MIIPS Students Earn Honorable Mention in Student Service Design Challenge
A team of MIIPS students impressed the jury with their Challenge solution, Recowa.
By Jess Ignasky
What would the world look like if we took a more inclusive approach to service design? The Student Service Design Challenge, a global design award from Phillips Experience Design, asks participants to imagine exciting new service experiences that contribute value to people, the planet, and the public through the lens of a design brief aimed at pushing the boundaries of service design.
The Challenge, which took place from November 2021 to June 2022 this past year, is a globally recognized competition that drew in an initial 90 teams from across the world. This past year, a team of Master of Innovation in Products and Services (MIIPS) students received an honorable mention and were one of the 28 qualifying teams competing as finalists in the competition.
Anne Milan, Ashlon Frank, Astha Vagadia, Elisa Arango, Monica Louis, and Raghvi Kabra were all interested in further exploring the concepts of service design, circular design, and sharing economies when they joined together as a team for the Student Service Design Challenge.
“The Challenge is unique in that finalist teams are matched with experts in industry who coach them throughout the five-month-long span of the competition,” said the team. “This mentorship, paired with regularly organized classes on topics such as responsible technology or business models for circular economies was an attractive learning opportunity for our team.”
Teams were presented with a design brief challenging them to design a service that would disrupt the current ownership economy in their local community that could also be scaled to create impact on a wider scale.
“Because the challenge was so broad and because we wanted a rational justification for choosing one problem over another, we narrowed down our problem space by researching and creating concept maps of wicked problems using the Ellen MacArthur Foundation framework as inspiration,” the team explained.
“We realized that food waste is connected to a lot of systemic problems—how our cities are designed, how individuals consume, and climate impact, to name a few. Because of this interconnectedness, the scale of food waste on local and global levels, and our expertise as a team, we felt that tackling food waste would be the perfect challenge.”
The more the team researched food waste, the more they realized there were already countless other organizations doing great work to mitigate the issue. However, they still wondered why, then, that food waste was still such a massive and pervasive problem.
“We came to the conclusion that, besides being a naturally complex issue to solve, many efforts to combat food waste are siloed, meaning that even organizations, services, and initiatives that are working towards a common goal aren’t optimizing resources or leveraging each other’s strengths,” the team said.
“We saw this as an opportunity. Rather than create one more independent organization or product, we decided to develop a service that would bring together and strengthen ties between organizations and initiatives that are already tackling food waste.”
Finally, the team arrived at their solution for the Challenge: Recowa.
Recowa is a matchmaking service that connects waste producers (e.g., restaurants and cafes) to waste consumers (i.e., organizations that divert excess food to consumers or transform food waste into new products, such as compost) in the local ecosystem to prevent food from ending up in landfills.

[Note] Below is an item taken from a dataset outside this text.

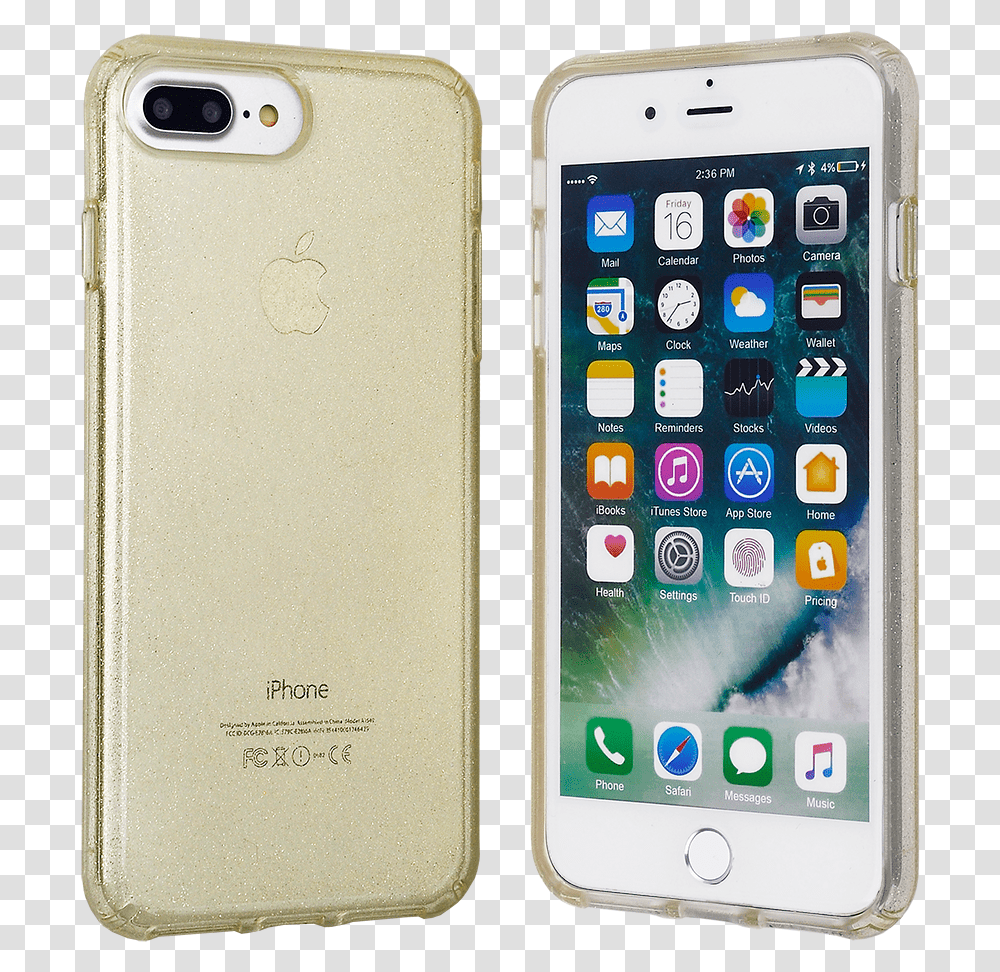 Apple Iphone 8 Plus Iphone 7 Plus Iphone 6s Plus Iphone 8 Plus Cases For Girls, Mobile Phone, Electronics Transparent Png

“The matches that Recowa makes are personalized, actionable, and beneficial to all parties involved, ensuring that using the service is the most effective and least resistant pathway to managing generated waste.”

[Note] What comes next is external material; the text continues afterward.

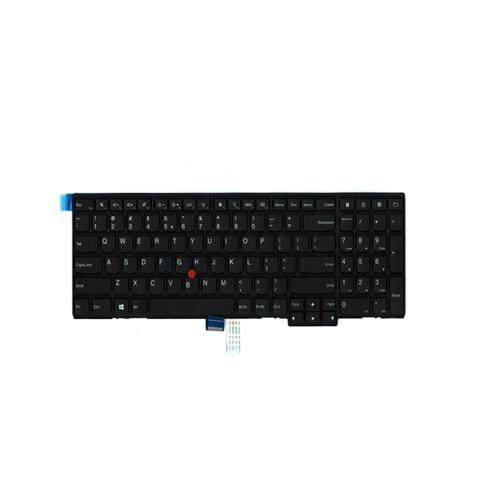 Lenovo Thinkpad T540 Laptop Keyboard price in hyderabad, telangana, nellore, vizag, bangalore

“One of the things that excites us the most about Recowa is that it is not only a scalable solution geographically, but it can also be used for other industries and sectors generating huge amounts of waste.”
Recowa earned the team an honorable mention as they scored high on the criterion “technology enabled” for a service concept that orchestrates a complex and scalable value exchange.

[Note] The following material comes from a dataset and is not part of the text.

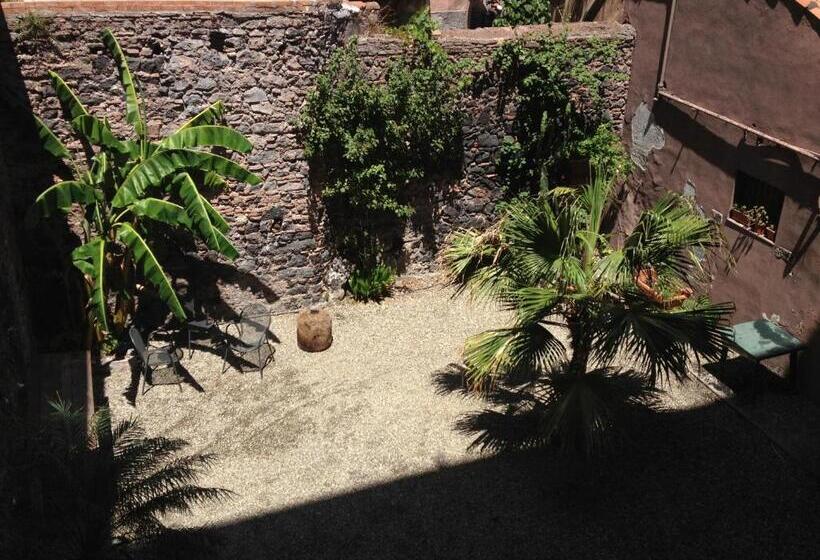 آپارتمان 2 خوابه, Alcalà Living B&b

Of the team, the jury said “[This team] deserves special recognition for using the principles of service design to orchestrate a complex and scalable value exchange between a diverse set of B2B ecosystem partners. Their Recowa platform concept and demo showcases how user-centered design, systems thinking, and technology can help companies do well by doing good.”
The team were greatly pleased with the result and felt that they learned very much from participating in the Challenge.
“Designing services that disrupt existing systems is very challenging and this competition gave us a bit of insight into the complexity that service design entails.”
Through working on the solution, attending workshops, and meeting with their mentors, the team learned the foundations of service design, circular design, and sharing economies: their main motivators for joining the Challenge. They were also able to gain experience thinking from a systems perspective and learned tools such as: cultural probes, journey maps, and service blueprints which helped them with research collection, synthesis, and ideation.
“After we wrapped up the challenge, we followed up with the stakeholders we interviewed and tested our solution with. Their responses really helped bring the point home that designing a solution that takes into account user needs can be successful!”